Monday, 6 June 2016

Falmouth BA show 2016


 I wake up early, eager to get to this show. Why? I want to see what this year of graduates have to show. Maybe I expect too much. Most of them are very young. The way the fine art is shown indicates nothing of the breadth and amount they have experienced. Their essays are not there, their books of ideas, we see no photos of them, very few give statements and some that do seem to be entering for pseuds' corner.

 This year I was largely disappointed. This wasn't helped by the usual lack of a canteen on Sunday or even a stocked drinks machine, and the fact that catalogues had run out and most videos were not operating.

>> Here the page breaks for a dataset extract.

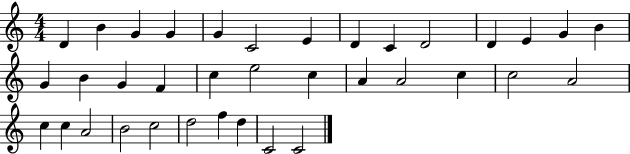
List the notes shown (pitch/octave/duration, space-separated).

D4/q B4/q G4/q G4/q G4/q C4/h E4/q D4/q C4/q D4/h D4/q E4/q G4/q B4/q G4/q B4/q G4/q F4/q C5/q E5/h C5/q A4/q A4/h C5/q C5/h A4/h C5/q C5/q A4/h B4/h C5/h D5/h F5/q D5/q C4/h C4/h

 When I strayed briefly into illustration and found the room very dark to the point of eye strain and asked a student about this she said 'we do not find it too dark.' We found some lights and switched them on. This year the illustrators had their work on low cloche like displays on desks instead of in wooden booths at normal exhibition height for walking around. This made the room more open and spacious looking but it was harder to concentrate on an individual's work. Unlike the fine artists the illustrators show a lot of stuff. I just could not settle to examining it all and only admired one, Rachel Summers. She had illustrations to do with therapy and a light, witty, economical style.





 Fine art had the usual almost universal lack of interest in life in Falmouth, in politics, in ordinary day to day scenes, even in ecology that I have noted before. This year there was four times more interest in porn, that is four notices warning of 'adult content' whereas before I have only noticed one per year. A depressing trend.Feminism only featured, if you can call it that, which I don't, via pink vaginas.
What were the predominant themes? I can't remember but many paintings, quite a lot of installations, a bit of sound, one computer thing.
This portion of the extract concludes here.